Task directions: Repeat all of the data word for word so that only the pictures are missing from the copy.

Data items:
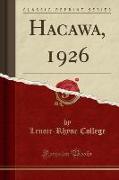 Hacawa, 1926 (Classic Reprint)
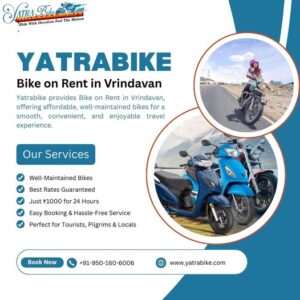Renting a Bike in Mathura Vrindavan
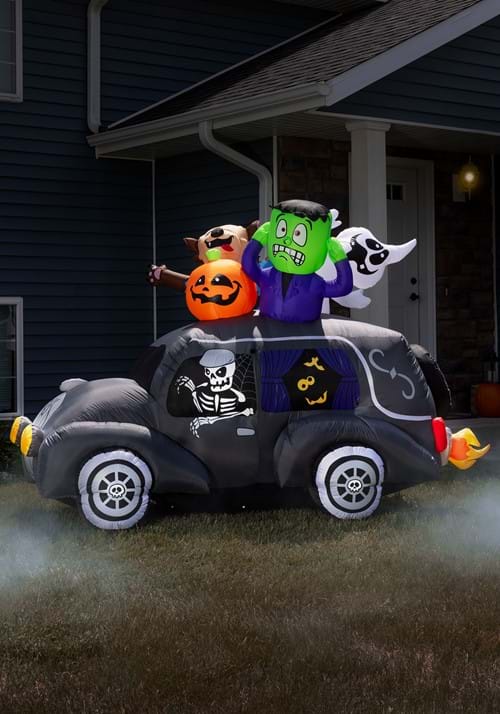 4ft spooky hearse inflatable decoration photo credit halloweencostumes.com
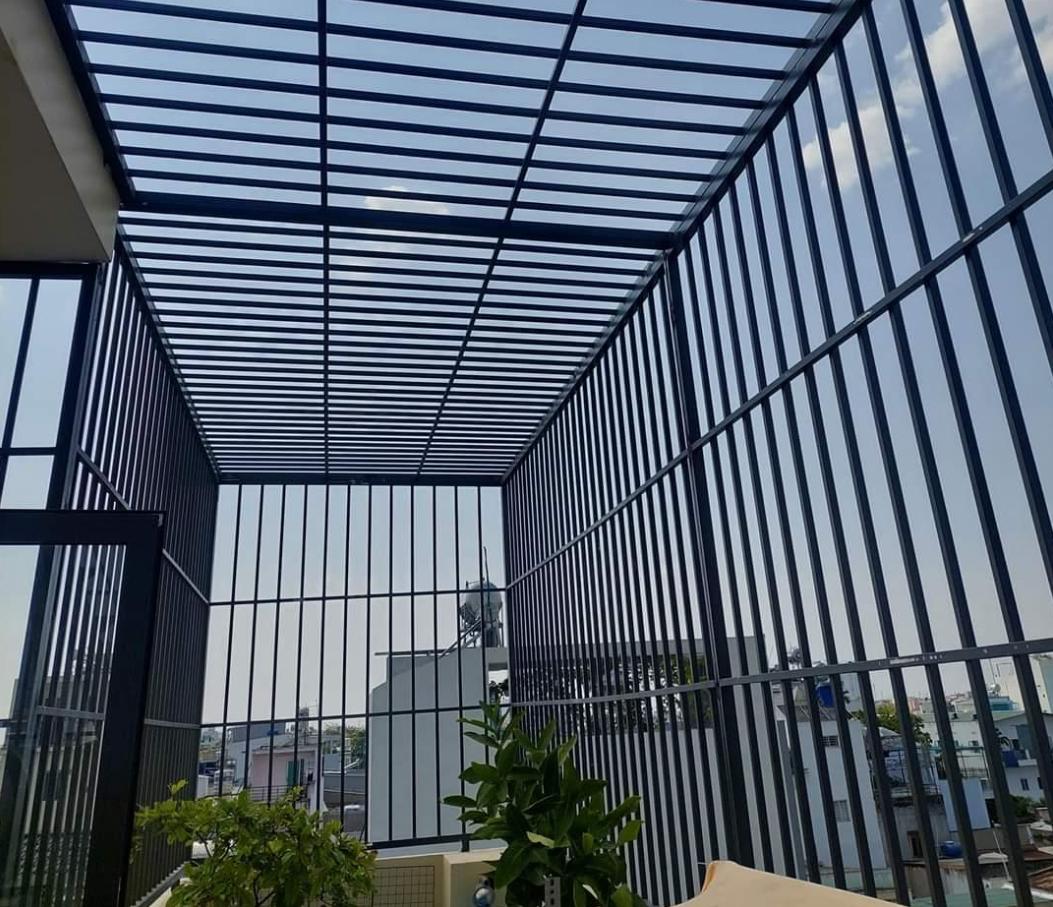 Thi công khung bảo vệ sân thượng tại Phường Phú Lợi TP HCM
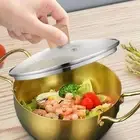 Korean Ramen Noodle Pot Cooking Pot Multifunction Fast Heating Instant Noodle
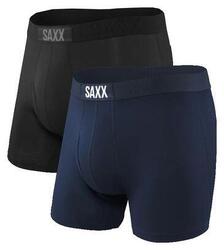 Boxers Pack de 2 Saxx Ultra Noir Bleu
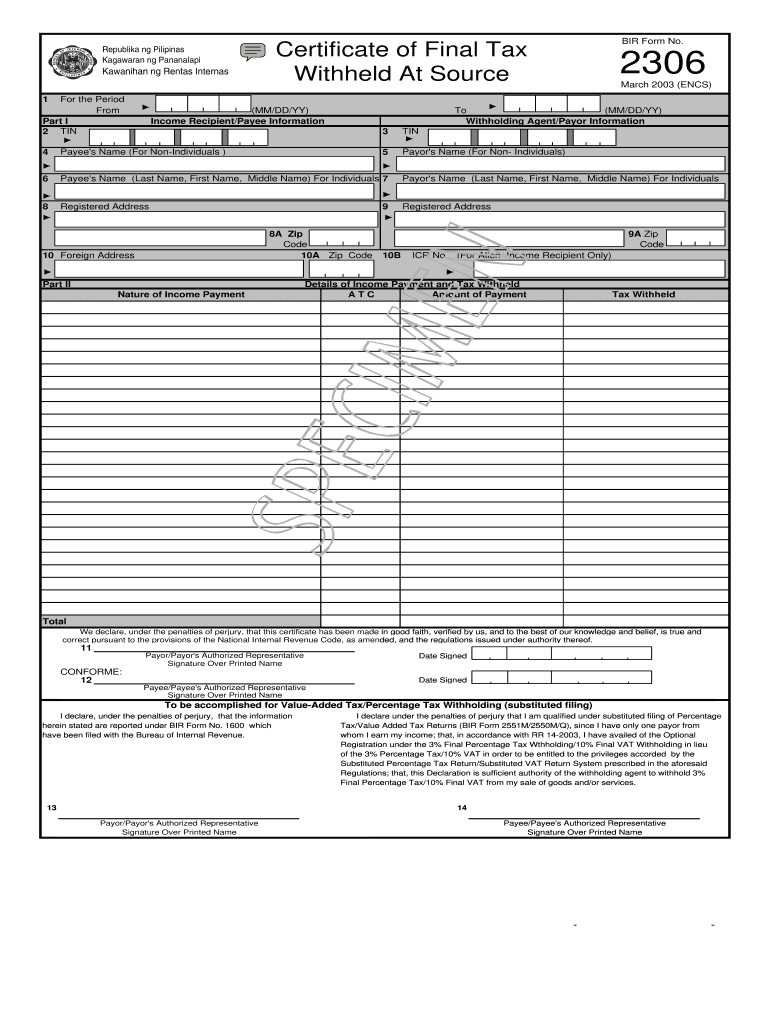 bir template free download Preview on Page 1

Written answer:
 Hacawa, 1926 (Classic Reprint)
Renting a Bike in Mathura Vrindavan
 4ft spooky hearse inflatable decoration photo credit halloweencostumes.com
 Thi công khung bảo vệ sân thượng tại Phường Phú Lợi TP HCM
 Korean Ramen Noodle Pot Cooking Pot Multifunction Fast Heating Instant Noodle
 Boxers Pack de 2 Saxx Ultra Noir Bleu
 bir template free download Preview on Page 1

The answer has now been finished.